TASK ITEM: Word for word, please copy the line containing "Damen stilvolle Plateau-Stiefeletten" and all lines after it in the entries below, and only those, leaving every picture out.

MATERIAL FOR THE TASK:
--- --- ---

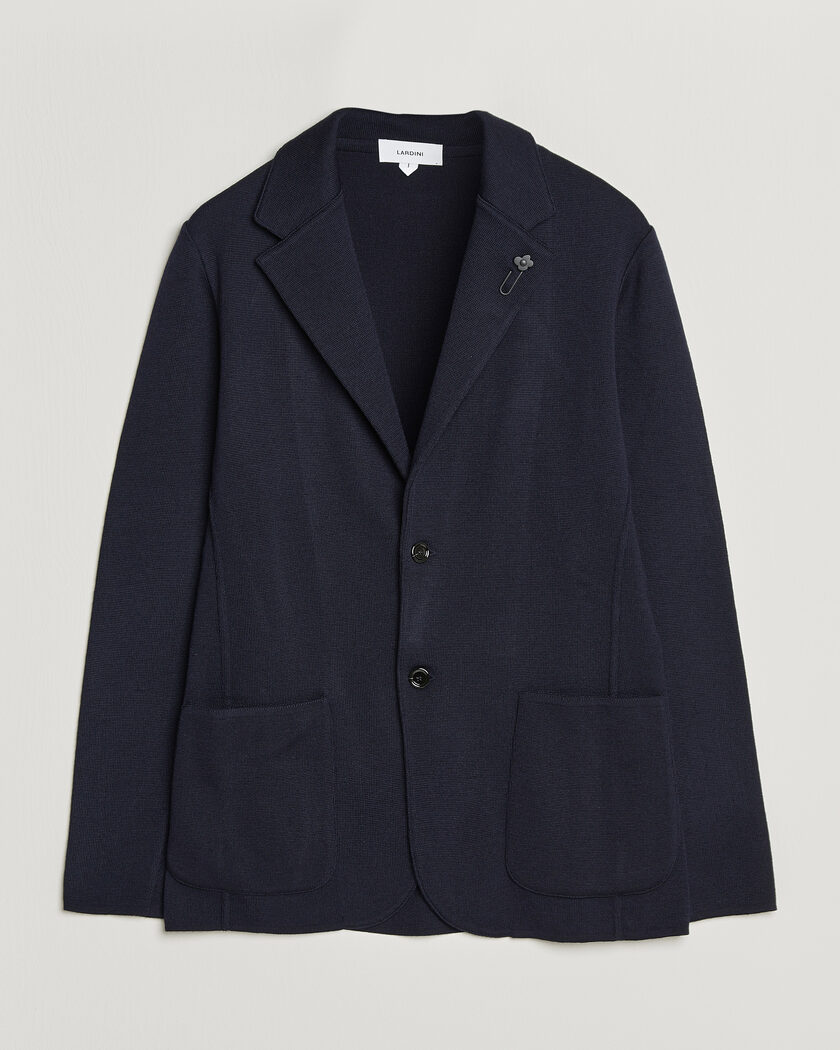 Lardini Knitted Wool Blazer Navy - Maat: S - Kleur: Blauw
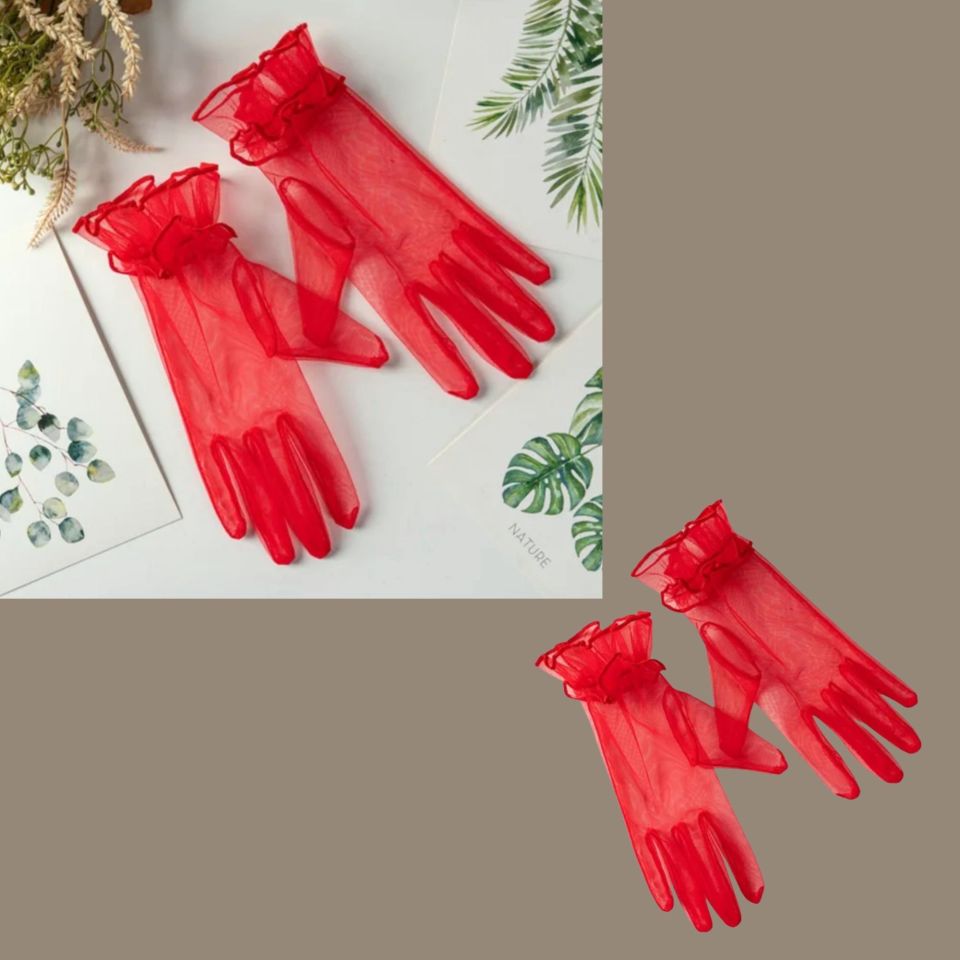 Leydi Kırmızı Organze Eldiven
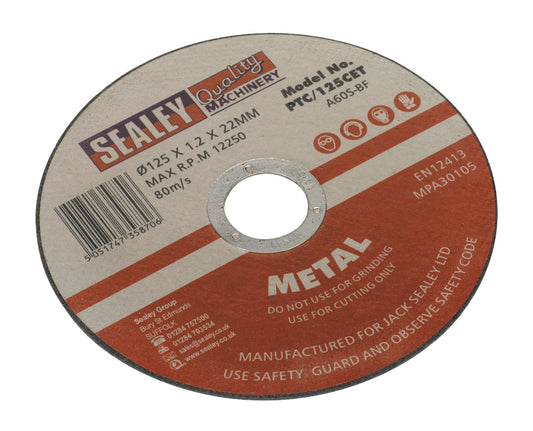 Sealey Cutting Disc �125 x 1.2mm �22mm Bore PTC/125CET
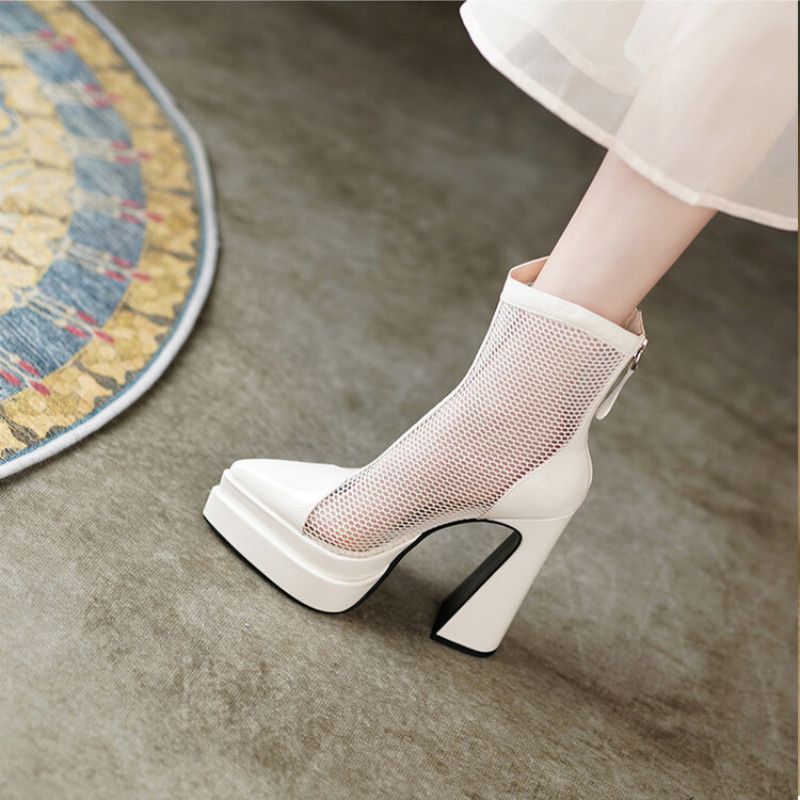 Damen stilvolle Plateau-Stiefeletten mit transparentem Netzdesign EB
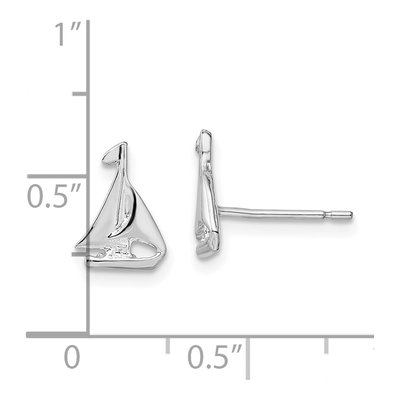 Sterling Silver Mini Sailboat Stud Earrings – view 5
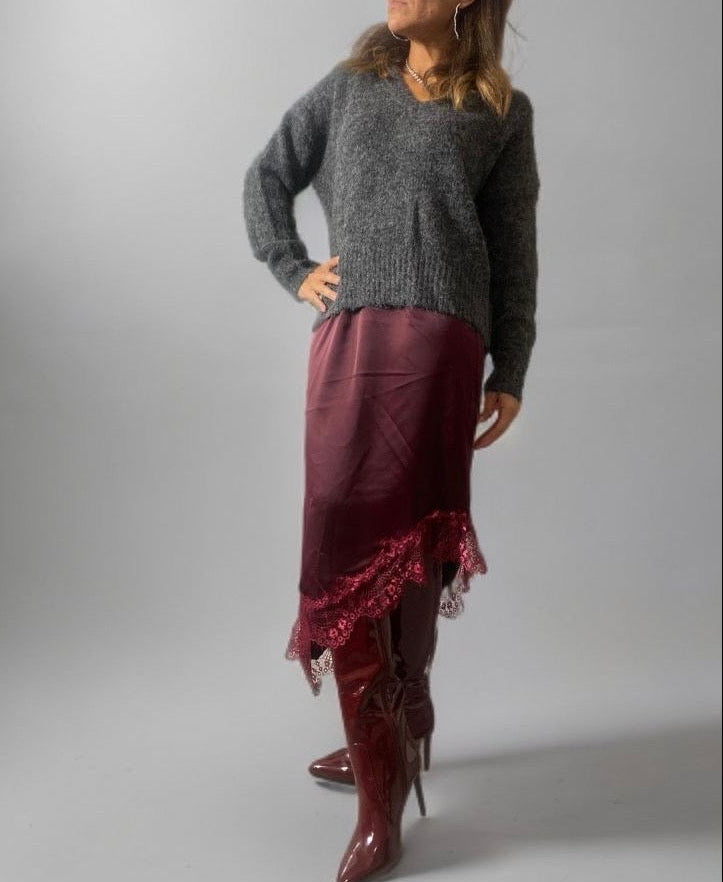 Gonna asimmetrica in satin e pizzo - Disponibili in 3 colori ModaFilo.com modafilo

--- --- ---

EXERCISE SOLUTION:
 Damen stilvolle Plateau-Stiefeletten mit transparentem Netzdesign EB
 Sterling Silver Mini Sailboat Stud Earrings – view 5
 Gonna asimmetrica in satin e pizzo - Disponibili in 3 colori ModaFilo.com modafilo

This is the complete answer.